Alyosha, like Zossima and Christ, know that the spiritual life is more
real and more important than the physical, and the mortal life will be more at
peace if one would purge themselves of their sins and follow the path of theosis. Dostoevsky shows through his characters and the plot that
love and faith are the only two saving graces in a world torn apart by the
human condition.
Father
Zossima’s and Alyosha’s teachings emphasize the need for love and community
that will bring about a more perfect life for the people. The characters show the human impulse
to confess their wrongdoings and evil thoughts because they have an inherent
need to seek salvation. Following
in the footsteps of Christ through love for one another, is the way to eternal
joy. In the section “Of the Holy
Scriptures in the Life of Father Zossima” one can see how this great man knew
so well the right way to act and the right words to say. Father Zossima’s teachings show how
people can find their way through the troubles of the world by going to the
Holy Bible:
Good
heavens, what a book it is, and what lessons there are in it! What a book the Bible is, what a miracle, what strength
is given with it to man. It is
like a mould
cast of the world and man and human nature, everything is there, and a law for everything for all the ages. And what mysteries are solved and
revealed. (325) The human condition can find its repose in the Holy Scripture. The Bible solves all of the questions
that the devil tempts Jesus with.
This is what Jesus had in mind when He answered the devil with these
three answers:
1.) It
is written. Man does not live
by bread alone, but by every word
that proceedeth
out of the mouth of God. (Mark 4:4)
2.) It is written again. Thou shalt not tempt the Lord thy God.
(Mark 4:7)
3.) Get thee hence Satan, for it is
written.
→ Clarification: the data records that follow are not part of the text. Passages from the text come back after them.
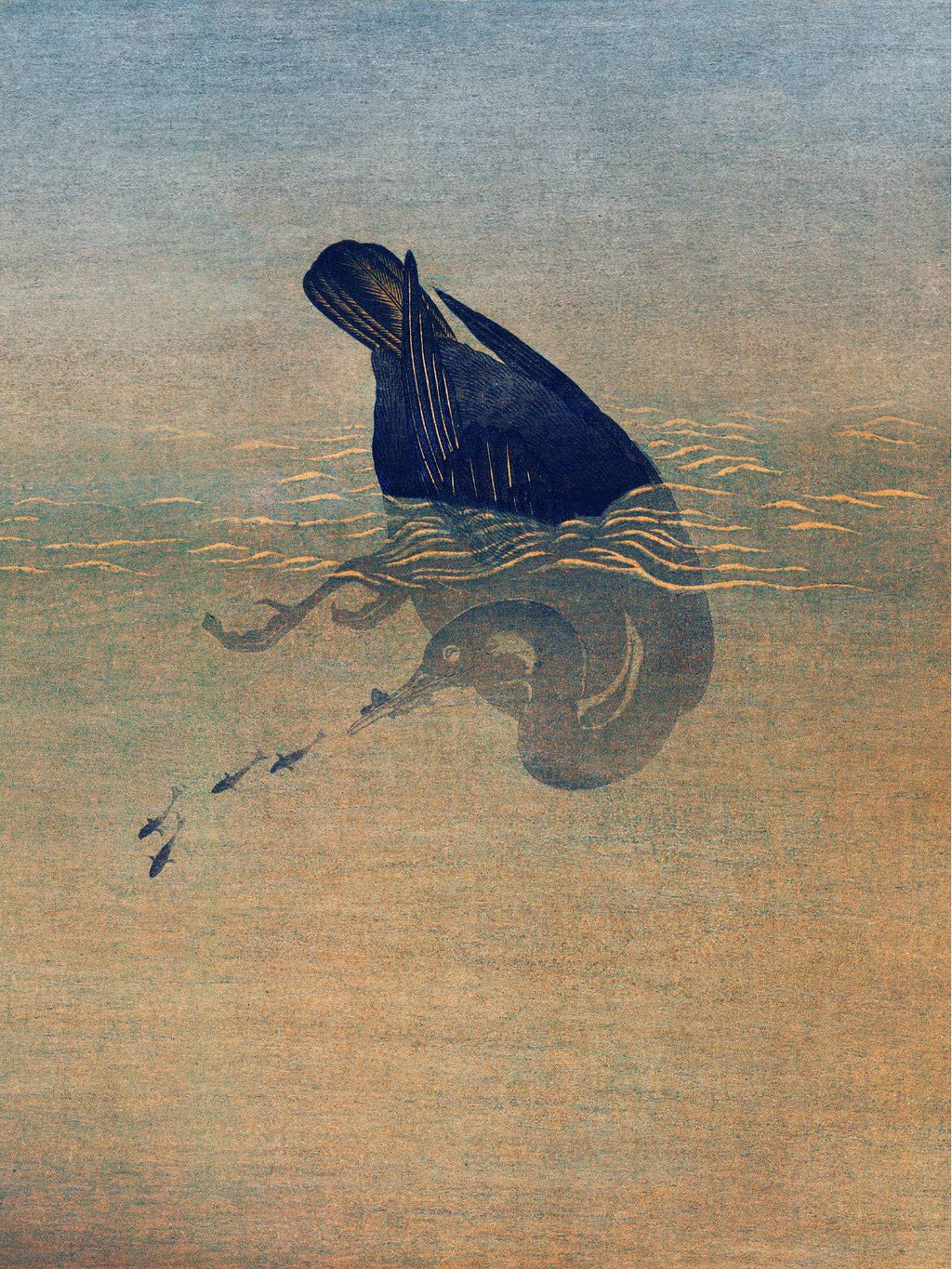 Kormoran und Reiher - Signature Collection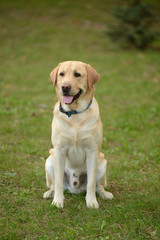 Yellow labrador in the park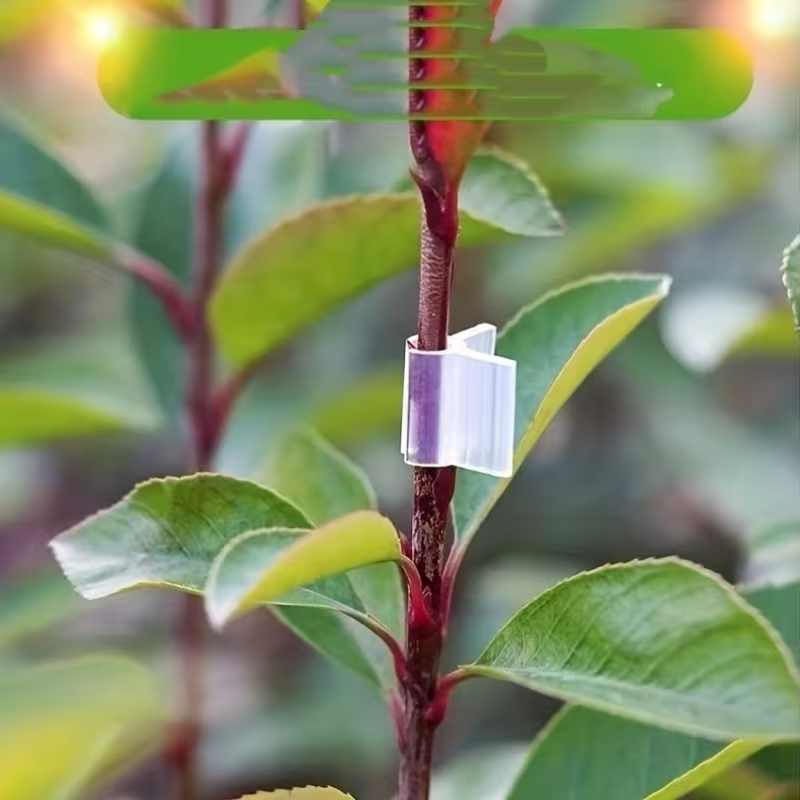 50pcs Agriculture Grafting Cli - مراجعة Vine Climbing Plastic وسعره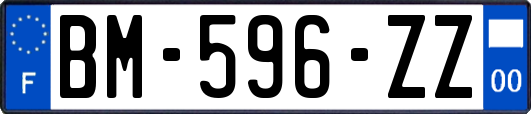 BM-596-ZZ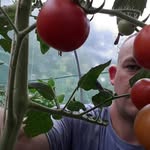 Tony Beekeeper Millward - @tony.millward - Instagram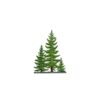 Pine group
Thou shalt worship the
Lord thy God and
him only shalt thou serve. (Mark 4:10)
The Inquisitor, like Ivan
lost the key facts to how man, with all his freedom, could obey God’s
laws. “It is written,”
Jesus tells the devil, and that is how the mysteries of the human condition and
the nature of the world can be revealed.
Reading
the Bible can bring rest to one’s suffering, calm the passions, and work to
restore one’s soul. Faith is the
answer to human nature’s deepest struggles. Without faith and love the world could collapse into utter
despair and isolation. Zossima’s
and Alyosha’s lives are testaments to the living faith at work in the lives of
men. The soul can be healed
through following the ascetic path and loving one another. Harmony and happiness can be found once
man has transformed their heart into the pureness and love of Jesus
Christ. The many distractions of
the senses and the outside world have little effect on Zossima and Alyosha
aside from them being deeply sad for those involved. The two characters embody the united human condition and its
fulfillment with a life dedicated to theosis.
Works
Cited
Dostoevsky, Fyodor. The Brothers Karamazov. Trans. by Constance Garnett. New York:
Random House Modern Library edition, 1996.